What to work on. Images are not part of the copy; write out the rest of the data exactly as given.

Dataset extract.
──────────────────────────────
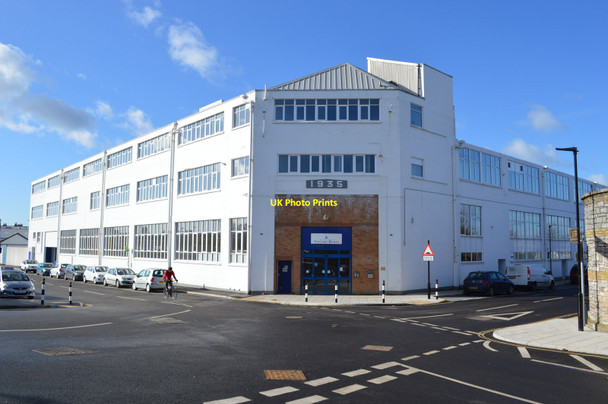Photo 6"x4" Columbine Building - Venture Quays Cowes c2015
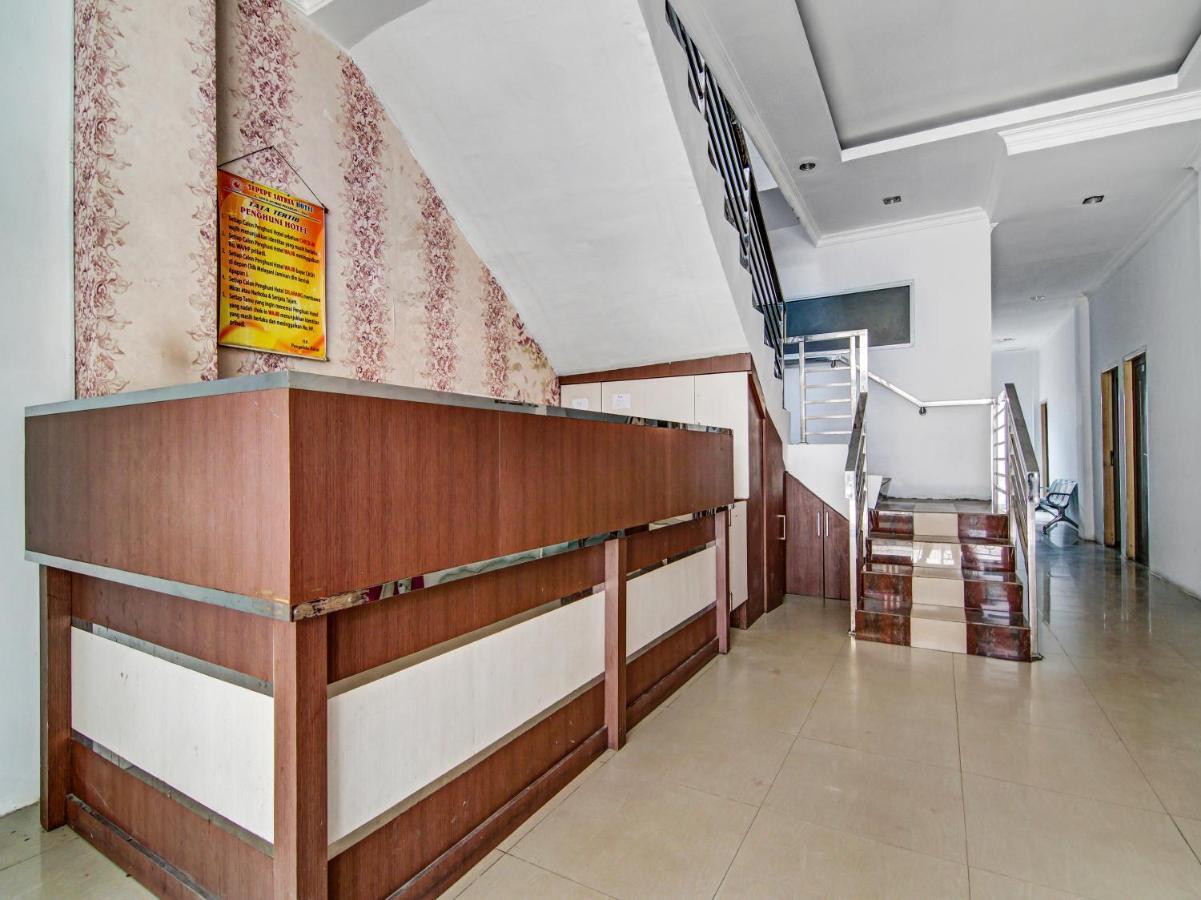 OYO 90897 Hotel Sepupu Satria Pekanbaru Bagian luar foto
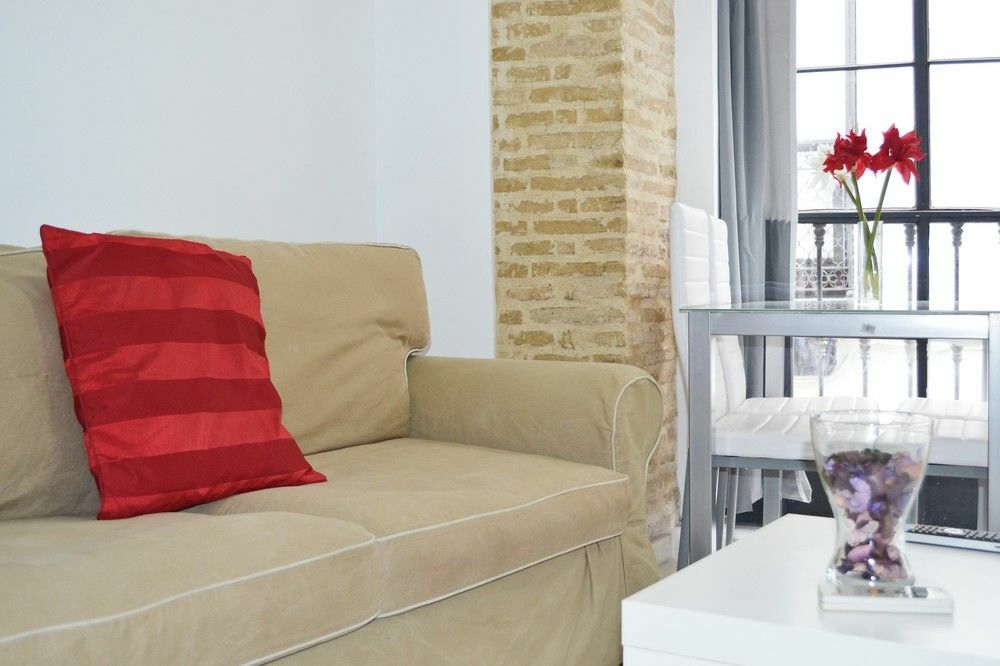 Reservaloen Mariano De Cavia Apartment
──────────────────────────────
Output.
Photo 6"x4" Columbine Building - Venture Quays Cowes c2015
 OYO 90897 Hotel Sepupu Satria Pekanbaru Bagian luar foto
 Reservaloen Mariano De Cavia Apartment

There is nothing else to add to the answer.